Ferrer, también presidente de la Sociedad Española de Medicina Intensiva, ha indicado que la situación en Cataluña es más favorable que la que viven estos días los hospitales de Madrid, con más de 400 camas de UCI ya ocupadas por enfermos de COVID-19.

En Madrid "hemos de estar muy atentos al impacto de las medidas tomadas entre ayer y la semana pasada, aunque me temo que tendrán poco impacto para parar la entrada de pacientes" a las UCI, ha considerado el médico intensivista.

A su juicio, las restricciones adoptadas en Cataluña de forma paulatina desde julio, con cierres incluso de movilidad de zonas concretas, como en Lleida y varias localidades de su alrededor, la disminución del ocio nocturno y los cribados masivos han ayudado a parar la entrada de pacientes en los hospitales y, en consecuencia, en las UCI.

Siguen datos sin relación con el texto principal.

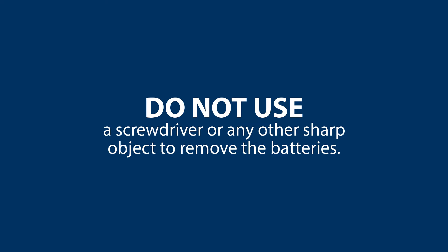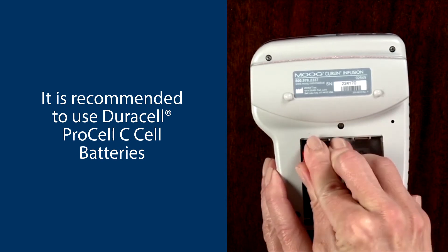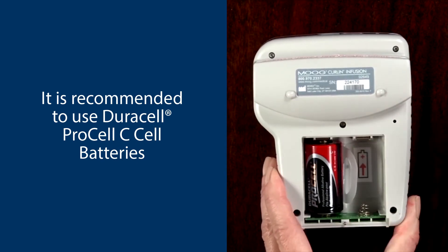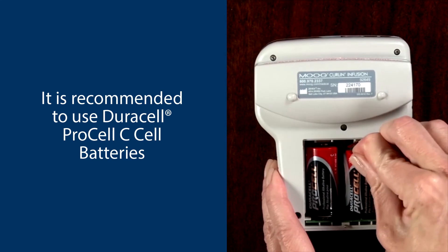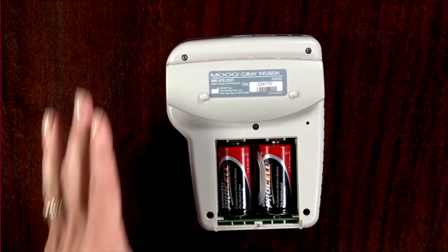Do not use a screwdriver or any other sharp object to remove the batteries. Now place the batteries bottom side first into the pump. This ensures that the springs come in contact with the bottom of the batteries. Notice that both positive poles must be at the top of the battery compartment.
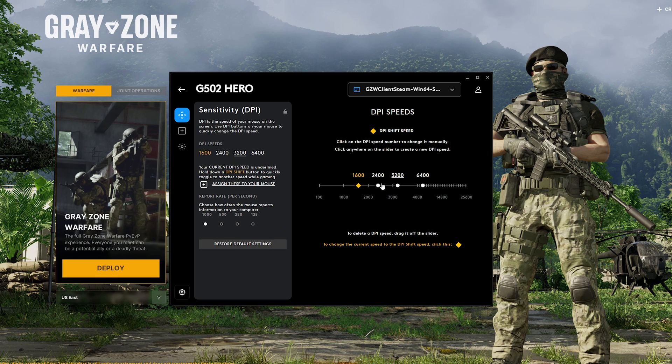What we're going to do here is get rid of the 2400 preset, because I want to bounce between these two with the DPI shift. So I'm going to pull this down to 800, so that 3200 is going to be my default, and then when I do a DPI shift, it's going to go to 1600. And the way we're going to do that is with a macro.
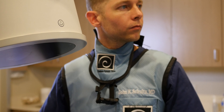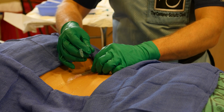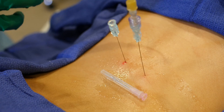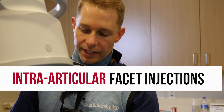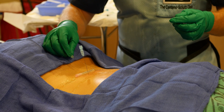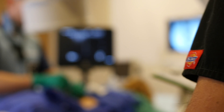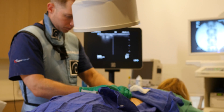Let's take a look at what an advanced interventional orthopedic procedure looks like in the spine. We're doing intra-articular facet injections. As a dancer she does a lot of overextension, hyperextension of the lumbar spine, so it definitely overloads those facet joints. We're helping the arthritis as well as stabilizing all the ligaments in the back.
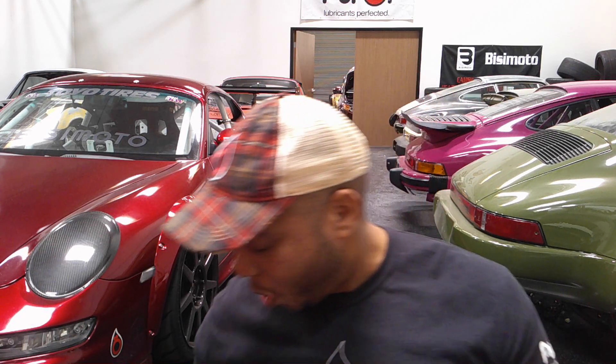Good afternoon everyone, hopefully everything is well this Tuesday afternoon. For those of you on YouTube, thank you so much for joining me here on this wonderful Tech Tuesday, which is getting close and close to the 200th episode.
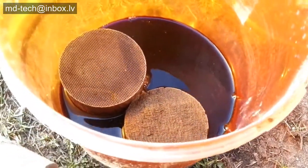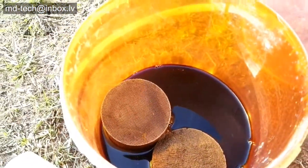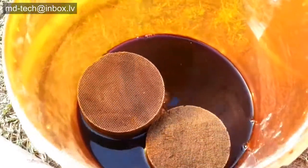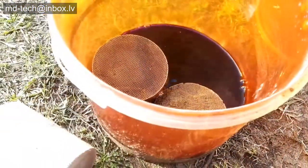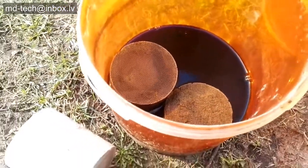Today I open the bucket with aqua regia. There is pressure inside the steel and a lot of chlorine gas. The solution color is significant of PGM content. The experiment is very good.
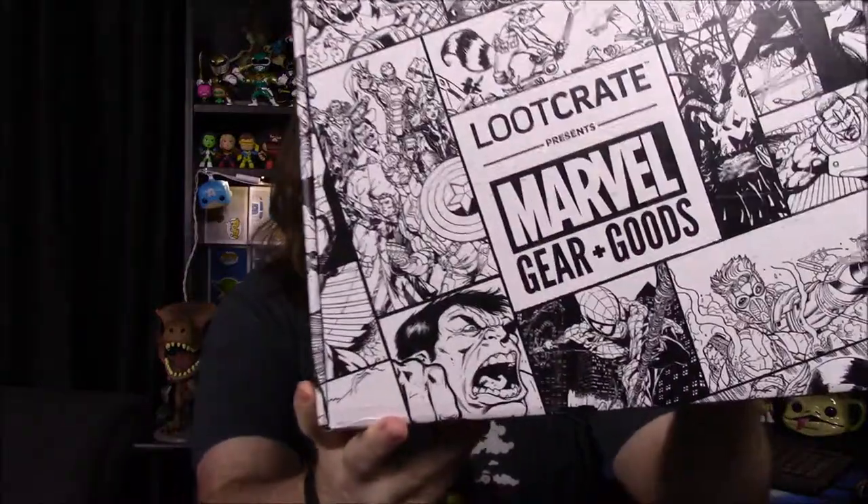What is up guys? This is the Awesome Nerd Show and today we're unboxing a new box. It is from Blue Crate, but it is the Marvel Gears and Goods. We pretty much only got this for one reason, or Bro did. Depending on how we like it, we may continue to get a couple more just to see. I've not been impressed with these boxes in the past. I just feel it's kind of a waste for the price you pay. But let's just take a look.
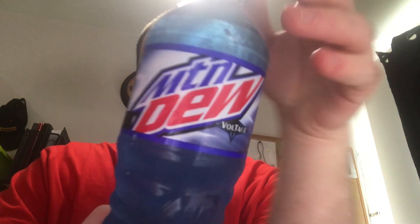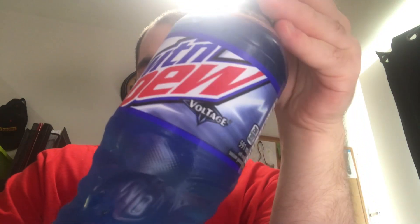I might try and upload more videos today, I don't know. Anyways, today we're going to be trying a Mountain Dew — but this time Mountain Dew Voltage. So here it is right here. All right, let's go ahead and try it.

Eso no ha sucedido en Madrid, donde se ha concentrado la entrada de pacientes este mes de septiembre con un gran aumento de enfermos con COVID-19, agravado por el hecho de que se ha detectado que una parte de la población que vive en la capital no tiene tarjeta sanitaria.

"No se puede hacer rastreo sin tarjeta sanitaria, no funciona", ha constatado Ferrer, que ha considerado que esta "parte social de la enfermedad es importante" a la hora de afrontar la COVID y también otras enfermedades infecciosas graves, como la tuberculosis.

En Cataluña, aunque la situación está "controlada" en las UCI y los enfermos se han repartido entre los diferentes hospitales, Vall d'Hebron ha debido someter a cuatro personas muy graves por COVID-19 a la denominada técnica ECMO, un sistema de oxigenación extracorpórea que se usa como última alternativa ante la gravedad del paciente.

Durante la primera ola de la pandemia, este centro sanitario llegó a mantener con vida hasta ocho pacientes con este procedimiento médico, la primera vez en Cataluña que se hacía con tantos enfermos al mismo tiempo.

Esta técnica, que es muy compleja y precisa de personal experto, da soporte respiratorio o cardiorrespiratorio mediante la combinación de una bomba centrífuga y un oxigenador de la sangre.

Ferrer ha precisado que todos los datos de ECMO de su hospital y de otros catalanes se están revisando y estudiando para conocer su utilidad con los enfermos de coronavirus.

Por otra parte, este especialista también participa en una investigación sobre los factores de riesgo y pronóstico de pacientes que han pasado por la UCI desde el inicio de la pandemia, en el marco del estudio CIBERESUCICOVID, que desarrollan conjuntamente el CIBERES (Centro de Investigación de Enfermedades Respiratorias), del Instituto de Salud Carlos III (ISCIII), la Sociedad Española de Neumología y Cirugía Torácica (SEPAR) y la Sociedad Española de Medicina Intensiva, Crítica y Unidades Coronarias (SEMICYUC).

"Los datos de los miles de enfermos de toda España que han sido atendidos en las UCI se analizarán, y usaremos para ello herramientas como la inteligencia artificial, que se tratará en el Barcelona Supercomputing Center", ha precisado Ricard Ferrer.